With the new financial coming to a close, there will be many business owners going to their accountant to have their end of year figures completed shortly and some may be considering whether to put their business on the market.

With every business seller wanting to get as much money as possible, taking the time to prepare your business for sale can be a big factor in how much you walk away with. Here are some tips to make sure that your sale starts on the right foot.

Seek tax advice- Find out in advance from a tax professional what your tax obligations will be when you do sell. 

Clean financial records- A buyer will engage several professional advisors including an accountant, solicitor and financial advisor. During the sale they will insist on seeing all the revenant information pertaining to the business. Ensure your financial records are up to date to clearly demonstrate the true profitability of your business to a potential buyer. Your business broker will help you present these in a professional manner.

Minimise the businesses dependence on the owner- Buyers want to know that the business will continue smoothly after a sale is complete so make it easy for them to step into your role. If you have all the knowledge and skills to run the business, a buyer's greatest fear is that the business will walk out the door when you do.

Comprehensive documentation- Document and systemise all business activities as this will reduce the reliance on any one employee or operator.
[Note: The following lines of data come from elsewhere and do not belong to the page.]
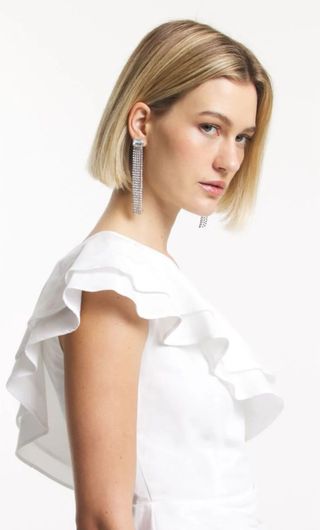 Vestido blanco volantes evento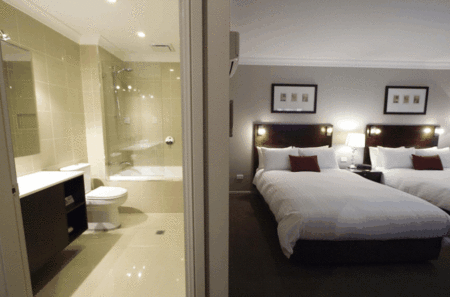 Carlyle Suites & Apartments - Accommodation Gold Coast 1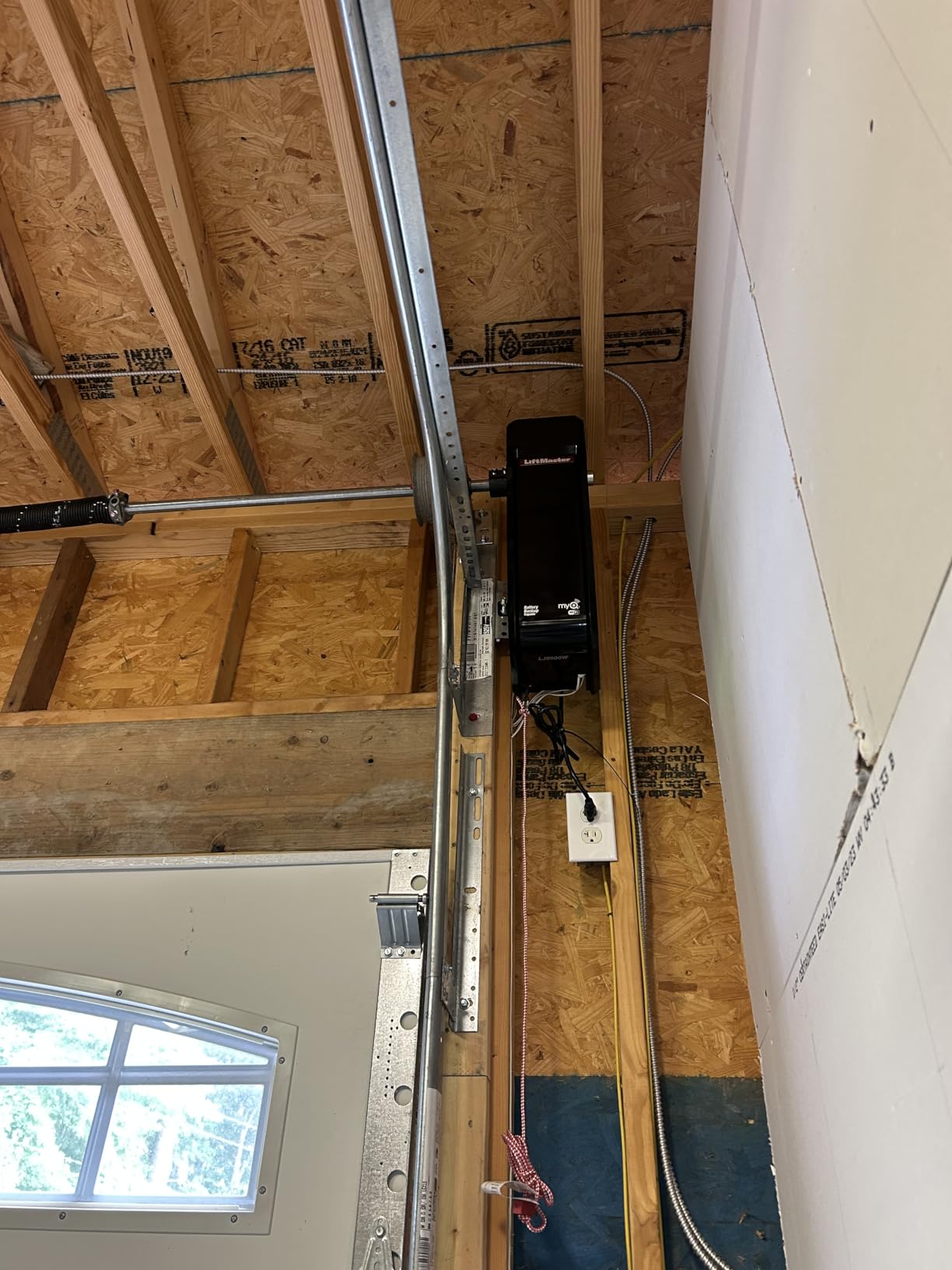 LIFTMASTER 8900W Light-Duty Commercial JACKSHAFT Operator W/Built-in WI-FI for SECTIONAL Doors customer photo 1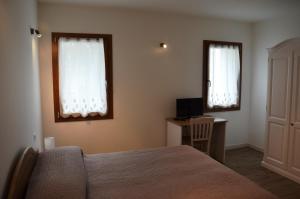 Sjónvarps- og/eða afþreyingartæki á Hotel Agriturismo Al Luogo Del Giulio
Also document any relationships which are key to your business. Convert any verbal agreements with suppliers and clients into written agreements wherever possible. Written agreements will make your business look stronger and build confidence in potential buyers. Examine existing contracts with suppliers and customers to ensure they will not expire or require renegotiation just as a new owner steps in.

Keep stock levels under control- Most buyers don’t want a business with high working capital requirements so keep stock levels to a minimum. Selling off obsolete, or slow moving stock items will keep your buyer happy and will eliminate any possible arguments over the valuation of stock during the sale.

Don’t let your debtor’s blow out- Collect all payments that are overdue from your clients. A Buyer will base their cashflow and working capital projections based on your debtor levels and It will be a major concern if your customers are taking a long time to pay their accounts- nobody want to do business with people who don’t pay.

Tidy up your premises and equipment- You don’t get a second chance to make a first impression. The appearance and presentation of your premises can be a reflection on the business itself. Ensure that your business complies with all legal requirements including OH & S and health regulations. Make sure that all plant and equipment is well serviced and maintained.

Offload surplus fixed assets – Most businesses are valued on their profits so it you own assets that do not contribute to profit, sell them off. A purchaser will not pay extra for a vehicle that is simply sitting the car park or an old machine that is now redundant.

Good Lease- Ensure that you have a good lease with a long tenure period or further options in place-banks won’t finance a business that doesn’t have a secure lease. Also buyers want to know that if the business is location dependent that they can continue to trade there well into the future and still have time ahead when the time comes for them to sell. 

You only sell your business once and you've only got one chance to get it right. Nobody wants to regret selling a business for less than it's worth due to poor preparation. Put in the time required upfront ant you will be rewards with a better result at the end.